Good, Bad or Loose: Amazon’s New Subtitle Quality Estimation System

Amazon Prime Video Subtitle Localization and Translation

What are you doing to stay occupied during the lockdown? Baking, DIY, yoga, Xbox? For many, devouring new movies and TV programs is now more than just an enjoyable way to unwind in an evening — streaming content has become an essential mechanism for coping during the weeks and months spent confined at home during the lockdowns.

Streaming platforms such as Amazon Prime Video, Netflix, Hulu and others are well aware that delivering a good viewing experience is essential to keeping their audiences captive. For foreign-language content, the quality of subtitles can be the difference between viewers staying tuned or switching off.

Two researchers from Amazon Prime Video, International Expansion, Prabhakar Gupta and Anil Nelakanti, observed in a recent paper that “providers increase their viewership by enabling content in local languages.” At the same time, they said, “low translation quality can cause increased usage drop-off and hurt content viewership for audience of target language.” So getting the quality right is crucial. 
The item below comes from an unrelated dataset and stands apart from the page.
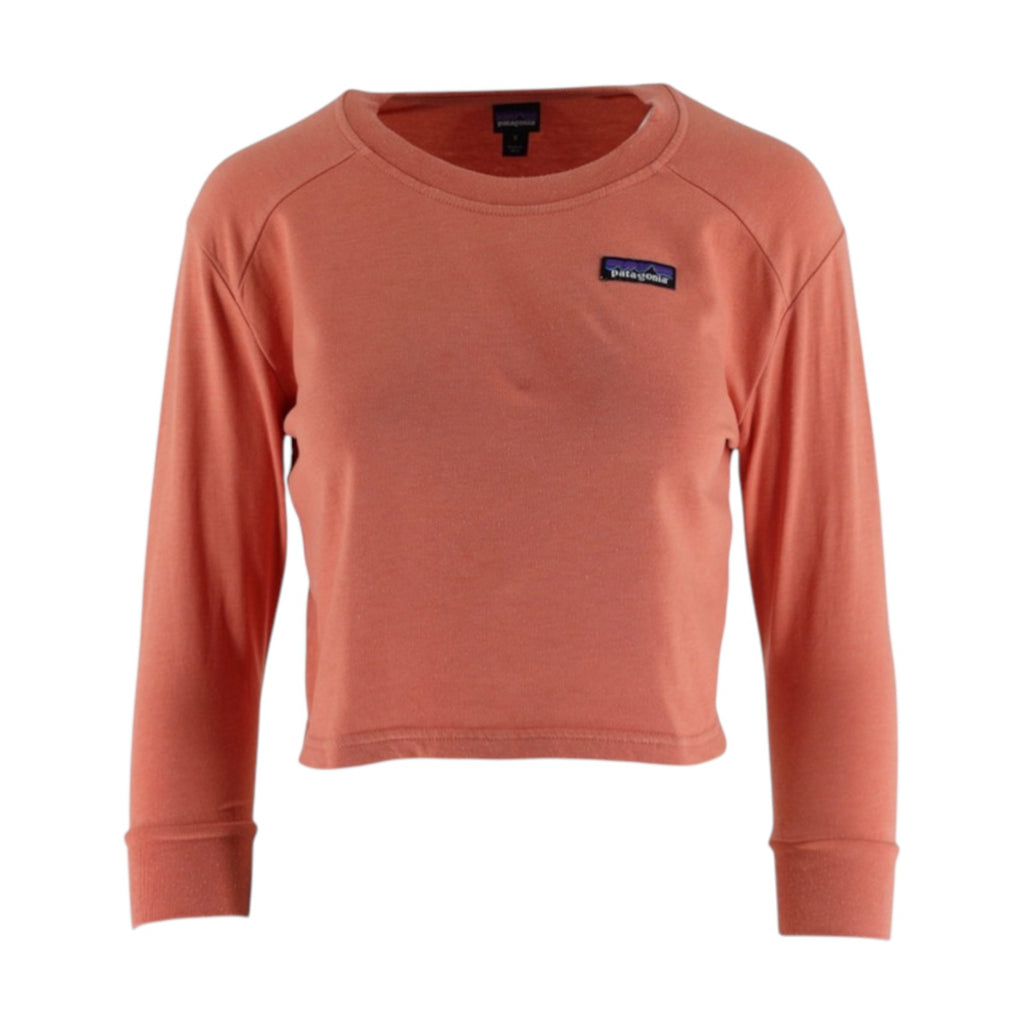 Coral long-sleeve shirt with a brand logo on a white background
A new research paper by Amazon explores the topic of quality estimation (QE) in translated subtitles. The paper, entitled “DeepSubQE: Quality estimation for subtitle translations,” presents a new system for estimating the quality of translated subtitles, whether human- or machine-generated. The DeepSubQE system reduces both cost and time in subtitle translation while assuring quality, the researchers said.

“Low translation quality can cause increased usage drop-off and hurt content viewership for audience of target language” — Prabhakar Gupta and Anil Nelakanti, Amazon Prime Video, International Expansion

Subtitling and dubbing are indeed topical for Amazon; As the researchers explained, the “digital entertainment industry is growing multifold with ease of internet access and numerous options for on-demand streaming platforms.” And, although a separate paper published by Amazon in January 2020 looked into machine dubbing, Gupta and Nelakanti pointed out that “translation of subtitles across languages is a preferred cost effective industry practice to maximize content reach.” 
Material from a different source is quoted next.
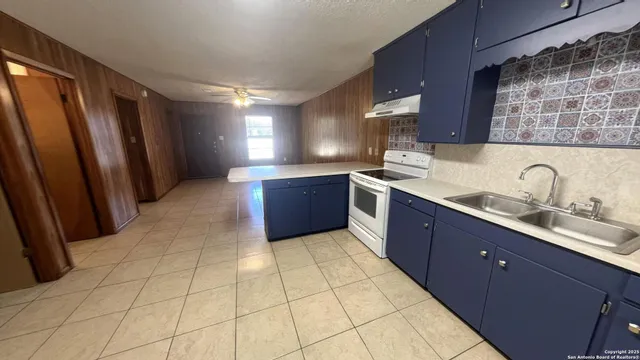 a large kitchen with stainless steel appliances granite countertop a sink stove and cabinets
Subtitling may be a more cost-efficient approach than dubbing, but the researchers also noted that using human translators to localize subtitles is expensive, and the “man-power cost” increases significantly in the case of low-resource target languages. Since a second person normally checks the translated subtitles to improve the quality of the translation where needed, quality evaluation is “as expensive as generating the translation itself,” they said.
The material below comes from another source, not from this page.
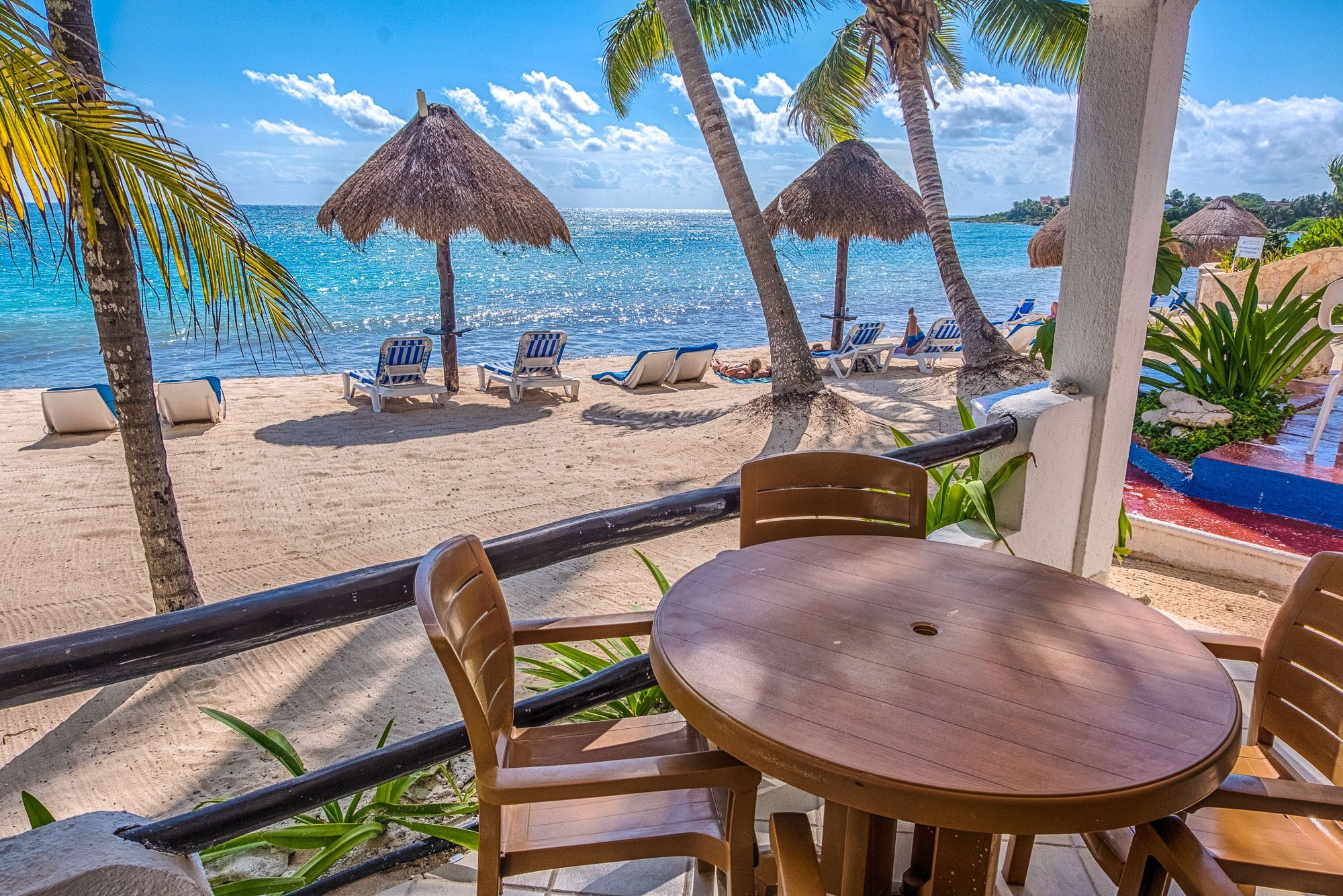 A beachside seating area with a table and chairs, a thatched umbrella, and a view of the ocean.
Exploring an automated approach for estimating the quality of translated subtitles is therefore logical, and all the more so for Amazon, who is among the biggest players in the on-demand streaming space.

Good, Bad or Loose

Clearly, quality estimation for any kind of translation is challenging because there is more than one way to translate a given sentence into a specific target language. Legitimate translation techniques like paraphrasing, rephrasing and idiom, which are frequently used in subtitling translation, complicate the matter further since they confound binary methods of quality estimation. 

Most QE methods are binary methods, however, and simply classify translations as “good” or “bad.” They fail to deal with ““loosely” translated samples that often occur due to human judgment.” 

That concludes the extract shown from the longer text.